Another predictable pattern is that the entire world is aging. Nations will incur rising dependency ratios with more retirees per actively employed individuals. This will strain fiscal solvency due to rising entitlement costs worldwide.
Economic growth is a huge multiplier of demographic growth in terms of resource consumption. The author mentions that if the entire developing world living standard rose to the West level material consumption would skyrocket. Let's say the US, EU, Canada, Australia, New Zealand, Japan, Singapore combined have a population of 900 million. And, that the average living standard of those countries is 10 x greater than the remainder of the World (6.1 billion). If the remainder of the World catches up to the developed group, it would cause overall material consumption to increase by 4.6 times! Where would all the oil, water, food, metals come from to support such a worldwide high living standard?

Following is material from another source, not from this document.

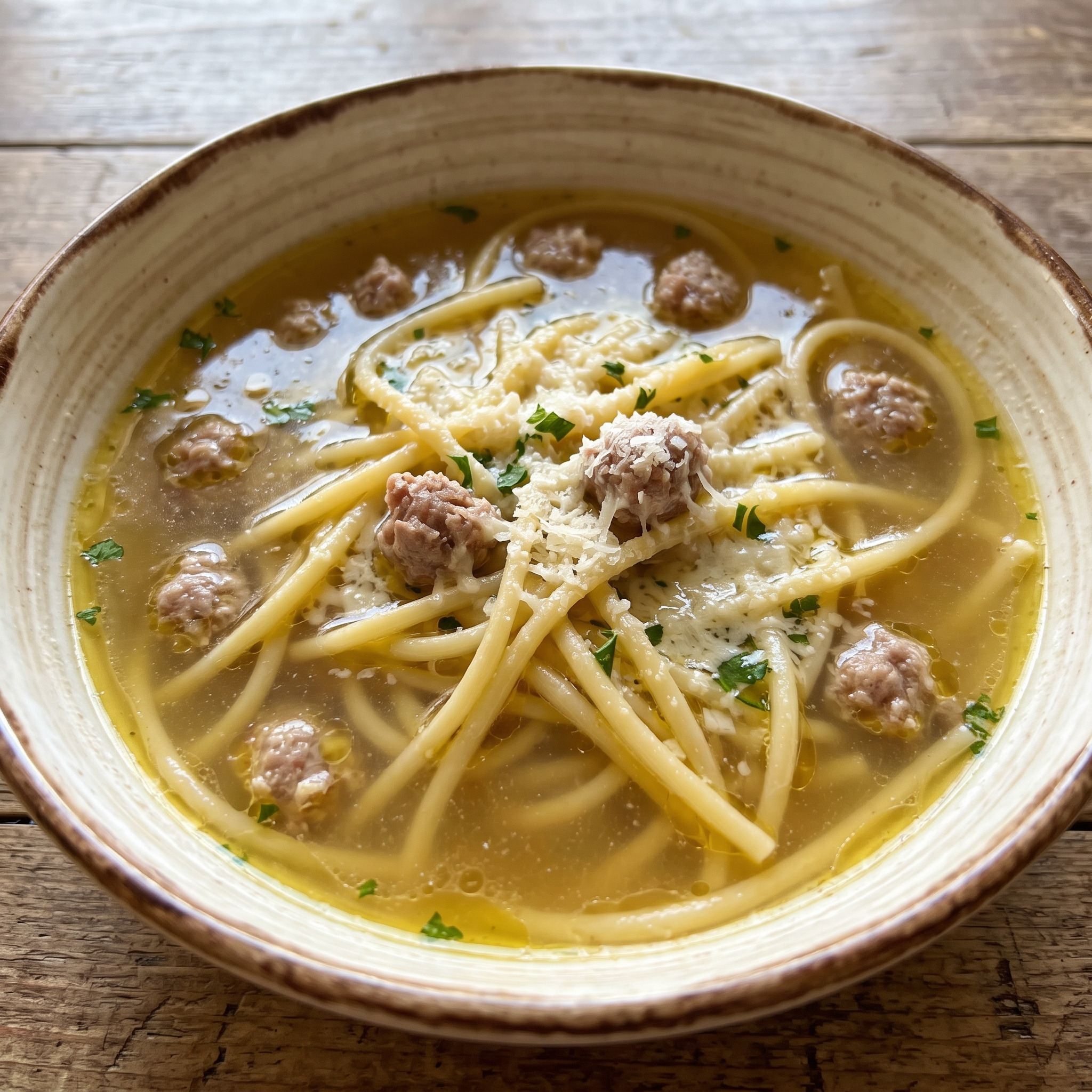 Natalini in brodo – ligurische Festtagssuppe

That's where resource constraints kick in. He uses an interesting metric to capture that: Reserves of a given resources divided by yearly production or the R/P life index. For instance, oil has an R/P of only 42 years. That's why there is all the fuzz about Peak Oil. But, other critical resources have far shorter R/Ps. Those include many elements that are key to manufacturing our hi tech electronics (batteries, computers, screens, TVs, etc...). They include lead (R/P 22), nickel (21), silver (14), and indium only 8 years. Thus, how are we going to produce all our hi tech gear 40 years from now for a potentially far larger customer base?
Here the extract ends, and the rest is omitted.